After a very long walk, Mrs. Evremond gained the boulevard she sought, turned into a dark little street, into a still darker alley.

The old concierge met her at the loge, a peasant gardienne, blear-eyed and wearing the white cap of her province. She blinked at madame, and under the thick lace veil Mrs. Evremond had worn to shield her emotion from the curious, the old woman did not recognize her tenant’s wife.

“Monsieur told me that he is expecting madame,” she said, familiarly. “He will not be long. Madame will go in——”

Without reply, she passed the woman and went up to her husband’s room.

Expecting her? No, that she knew was not the case—he was expecting another; even the old portière was in his wretched secret, while she alone, perhaps, of all Paris had been ignorant.

As she crossed the threshold of the studio she seemed to enter the apartment of a perfect stranger, so far away from her the last few hours had served to put him. The room was cold. She opened the door of the little stove, and, finding the fire laid, put a match to the kindling; in a moment the sharp crackling of the wood met her ears with a friendly domestic voice whose language was to her ears cruelly that of the hearth and home. If what the missive implied were true, her husband had loved another woman for many months. He had met her here in this place which the wife looked upon as sacred to his art; whose precincts she had respected with fidelity, believing them devoted to his work, and fearing to be obtrusive.

The studio had indeed been sacred, but to an unlawful love.

Her first impulse was to throw her muff down, unwind the fur from her neck and make herself as comfortable as she could in the gloom of the spacious room; but instead she walked restlessly about, taking in the details of decoration, the attractive disorder, with unseeing eyes. Behind that large screen Maurice’s models dressed and undressed—women of the people, women of the streets, of course, of the lowest, most degrading type; face to face with them, alone with them, he had passed hours of his life with them for years. She had never been jealous of them, she had never thought of them; she had regarded them in the same light with easels, and paint, and studio equipment.

Why had she not been jealous of them? They were women, and if Maurice was so unattached that he was either a prey or a victim, or a seeker of such affairs as this which she now believed she had discovered, why should she not take it for granted that there were many and varied experiences of which she had been the unconscious dupe? She shuddered—anger and distrust whispered her to hate her husband, to despise his weakness and never to forgive him.

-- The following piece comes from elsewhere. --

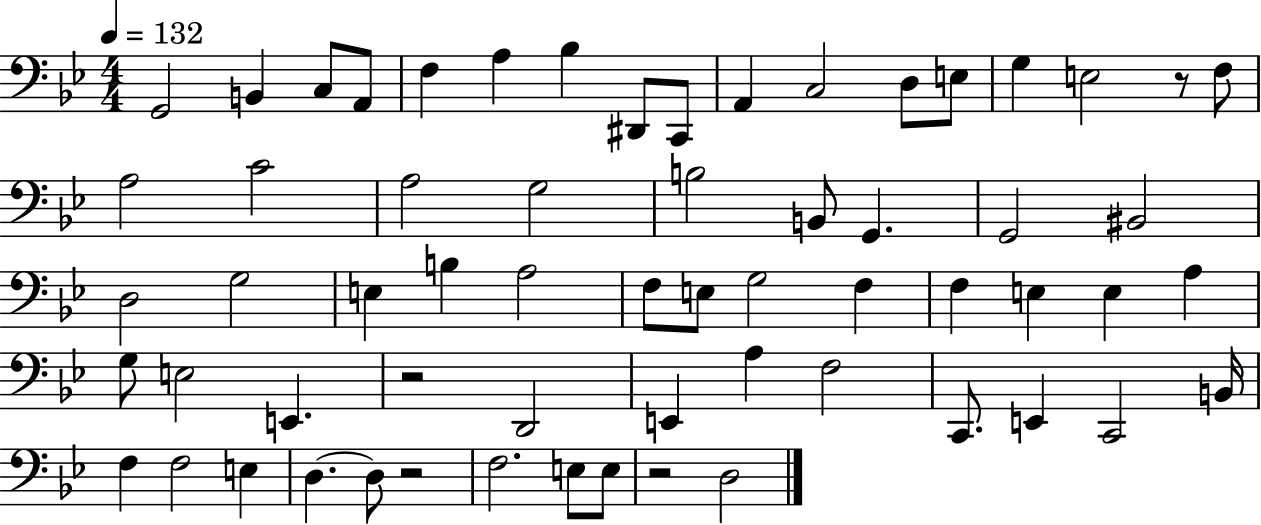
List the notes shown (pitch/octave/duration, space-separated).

In her lonely promenade she peopled the room with incidents and scenes which did her wrong, and proved to what extent she had unnerved herself, what rein she gave to jealousy and fear. She had lighted a lamp, and in its light took out the crumpled piece of paper from her glove and re-read it again. It was a love letter, the warm and confident letter of a woman who loves to the man who loves her. At its close it gave him rendezvous for half-past five o’clock at 11 bis, Passage du Maine.